Persian Gulf states step up waste tire recycling efforts
28 Oct 2022
Companies of the region detail operations to address build-up of ELTs
Brussels – Persian Gulf states are stepping up efforts to address increasing problems around the management of end-of-life tires (ELTs) across the region, a Bureau of International Recycling (BIR) meeting has heard.
Figures presented at the 18 Oct meeting of the BIR tire & rubber committee in Dubai showed that the Persian Gulf has 880,000 tonnes of ELT arisings per year, led by Saudi Arabia accounting for 65% and followed by the UAE at 19%.
In Saudi Arabia, Global Environmental Management Services (GEMS) is working to improve ELT collection with ‘centralised collection hubs and sorting stations', reported its managing director Abdullah Ahmed Alqurashi.
Addressing , Alqurashi said Saudi Arabia generates 572,000 tonnes of scrap tires per year.
Of that amount, 58% come from personal vehicles, 15% from light commercial vehicles and 27% from heavy duty vehicles.
Set to reach 2 million tonnes by 2050, most of ELTs go to landfill or are being dumped, said the MD, who emphasised GEMS’ efforts to address the situation.
“To have a fully fledged solution, we are improving mechanical shredding and investing in pyrolysis plants across the kingdom,” he explained.
The UAE faces similar challenges, according to Zaid Bdour, plant manager at the Gulf Rubber Co. (GRC).
Showing “before and after” photos of a landfill site in the past decade, he highlighted the comprehensive removal of millions of tires in the country.
GRC, according to Bdour, currently has five facilities for crumbing, granulation and other processes.
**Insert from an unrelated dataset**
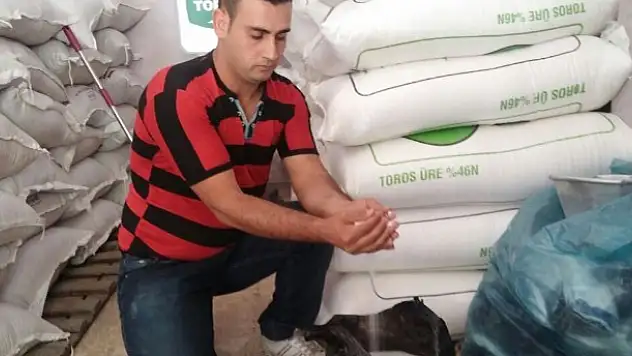 Bagfaş gübre satışını durdurdu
A pyrolysis project has also been proposed but has yet to be established.
“Recycling made business sense because the value of tires in a landfill site was around $70 (€70) per tonne, granules were worth $325 per tonne and moulded products around $870,” he said.
According to Bdour, one of the major challenges for ELT management in the UAE is the volatility of used-tire prices.
This, he explained, is due to lucrative exports to Pakistan and India and “fierce” competition with imported tire products subsidised by the country-of-origin.
Also presenting at the BIR session was Khaled Jamal Chaaroui, general manager of EPSCO Global General Trading in Kuwait, which started operation at a landfill site in 2016.
Over the span of five years, the company has cleared 7 million units of waste tires and is now storing 50 million ELTs at its Salmi yard in Kuwait.